Born in Greenville, South Carolina, in 1941, he rose through the ranks of Martin Luther King’s Southern Christian Leadership Conference with the energy of a man who had discovered that indignation paid better than calm. Operation Breadbasket, the Rainbow Coalition, two spirited runs for the presidency — all were conducted with the solemn conviction that history was waiting for his next couplet. “Keep hope alive” became his signature line, delivered with such rhythmic certainty that audiences half-expected him to follow it with “jive”. There were stumbles. The “Hymietown” remark in 1984 revealed that even the most practised tongue could slip into territory where angels feared to tread. Jackson apologised with the fluency of a man who had apologised before and would apologise again; the episode merely added a minor key to his otherwise triumphant score.

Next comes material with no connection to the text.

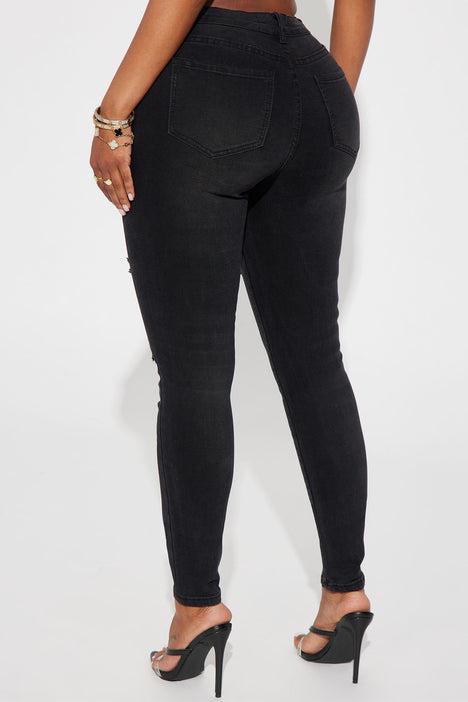 All The Booty Ripped Skinny Jeans - Black, Fashion Nova, Jeans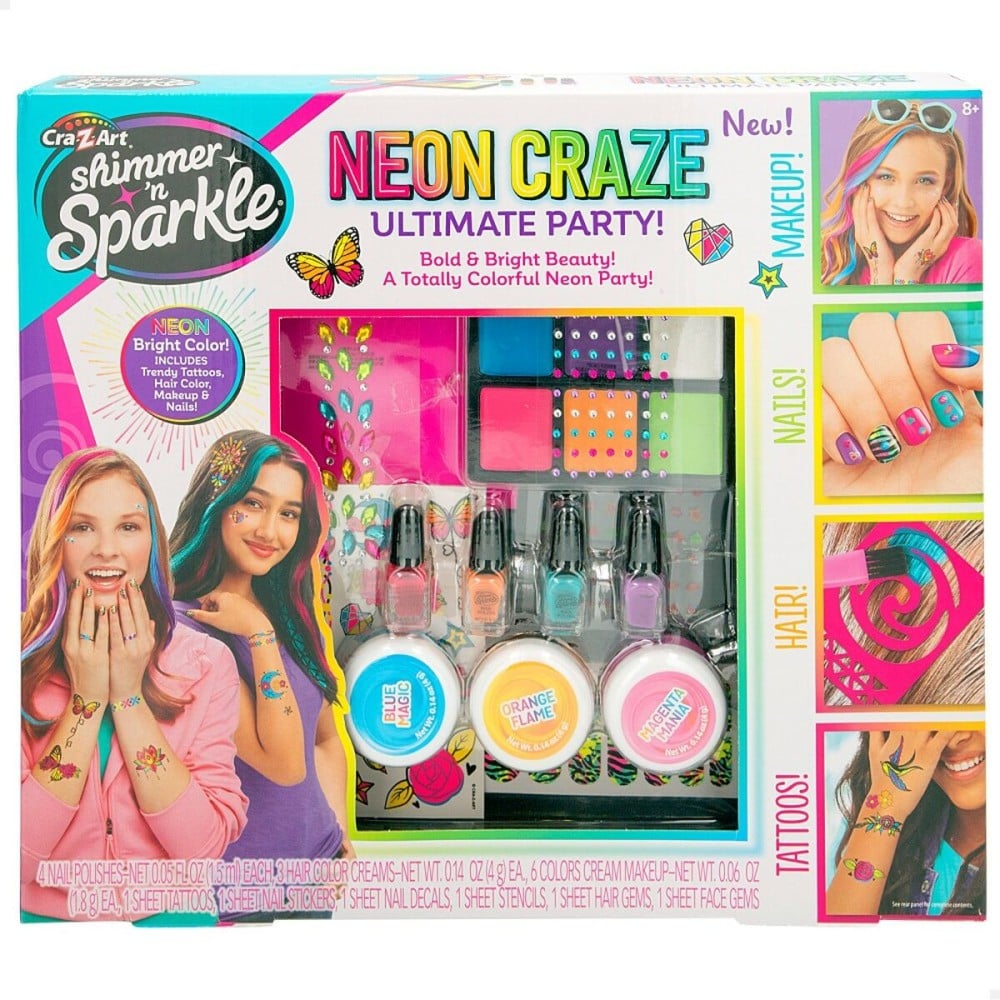 Ensemble de Beauté Cra-Z-Art Ultimate Party 10 x 1 x 7,5 cm Enfant Neón Ongles Poil Corps 4 Unités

In later years he became a roving ambassador of moral outrage, appearing wherever cameras gathered and injustice was suspected. He counselled O.J. Simpson during the trial of the century, offering spiritual support at a moment when the nation seemed to need less theology and more evidence. The visit was widely noted, though its precise effect on the verdict remains unclear. Immortality of a sort arrived courtesy of South Park, where Jackson featured in an episode that examined the etiquette of racial apology with the delicacy of a sledgehammer. The climax — a grown man literally kissing Jackson’s backside to prove his lack of prejudice — was absurd, unflattering, and, in the circumstances, weirdly accurate.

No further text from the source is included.